Now I wonder if this mysterious event in Orlando that my Grandmother would not even talk about on her deathbed drove Mother to take up with a new protector.  As soon as Cecil entered our lives, we moved.  First to a different house in Orlando, and very soon after to Jacksonville.

I didn’t see my father again until I was 25, just a few years before he died.  For a long time I pretended he was coming to get me every day.  I had to face the reality that he wasn’t going to come.  But it was years before the hope died completely.

Cecil became very quickly attached to me.  He was very attentive and, hard as I have tried to remember if there was anything suspicious about this, I can remember nothing inappropriate about his conduct toward me.  He was “fatherly” and “proud” of everything I did.  At first, I was put off, because I was still waiting for my father.  But after awhile I accepted his attention and soon came to be fond of him.  This wasn’t strange, since I rarely received any special attention from my mother.  Curiously, Cecil disliked my brother, and was unable to conceal it.  When I discussed it with her, my mother remarked that this had been a “painful” realization.
Cecil apparently had a job offer in Jacksonville, We moved into a house close to the beach.  It was 1956.  There are three Navy bases near this city.  The Navy, and the bases, were to play a part in my story.  It was in Jacksonville at the house near the beach when the Face at the Window came.

I was four years old.

Life was certainly strange on the planet of Lost Boys and Girls.  And it was going to get even stranger.

In later years my mother and grandmother told me about these events.  Yes, I have my own memories, but I was not included in adult policy conversations.  Also, I was protected from the knowledge of certain events around me.  When working on this book, when I asked my mother about this period, she deliberately evaded important issues and refused to help me work on uncovering the true sequence of events.
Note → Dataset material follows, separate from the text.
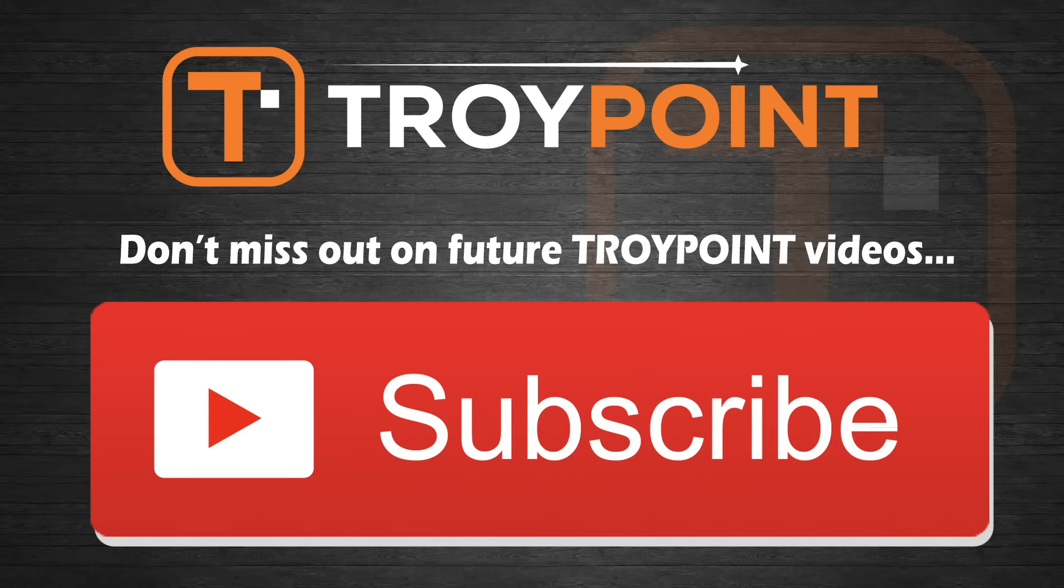Guys, thank you very much for watching this video. Please be sure to hit the thumbs up button. Also, subscribe to my TroyPoint YouTube channel for many more tutorials like this in the future. Have an awesome day.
And, unfortunately, there are no photographs from that time; if there ever were, Mother must have destroyed them.

“There are many things that ought to be forgotten,” she liked to say.

Maybe that’s true in some cases, but in this instance, every clue could lead to understanding of a very great mystery.

With help from my husband Ark and my brother Tom who also questioned her at various times, I’ve been able to put together the idea that early in the marriage, Cecil started to exhibit bizarre behavior.  Yet the details Mother was willing to give us were peculiar.  The strange, ritualistic way Cecil handled his food when he ate; the unusual way he used his knife and fork; how he would be meticulous and finicky one day, and a completely different person with hideous personal habits and language the next.  She seemed to be describing someone with multiple personality disorder or some form of schizophrenia.

Mother said she came home one day and found Cecil huddled in the closet in a fetal position, crying, talking crazy about “Them”.

“Just all kinds of paranoid ravings.  I don’t remember,” my mother told us.  “He was convinced that something or someone out there was trying to control him or get to him in some way.”

In the next strange episode, she smelled smoke, went to investigate and caught him building a fire under the fuel tank outside the house.  This was followed by a horrific suicide attempt.  Cecil was standing at the bathroom sink slashing his wrists over and over with a razor blade.  Blood was everywhere.  Cecil fought violently against her attempts to get the razor away from him.  She wrapped towels around his arms and called an ambulance. She emphasized that her main concern at the time was to prevent me and my brother from being exposed to this sort of thing.

Cecil was admitted to the hospital.  In the course of a police investigation into the incident, Mother had learned there was an ugly secret that he and his family had been hiding from her.

Cecil had been discharged from the Navy for psychiatric reasons.  Mother recalled being told that he had spent much of his time in the years before she met him in a Veterans hospital in Augusta.  (Yes, curious that mention of Augusta!)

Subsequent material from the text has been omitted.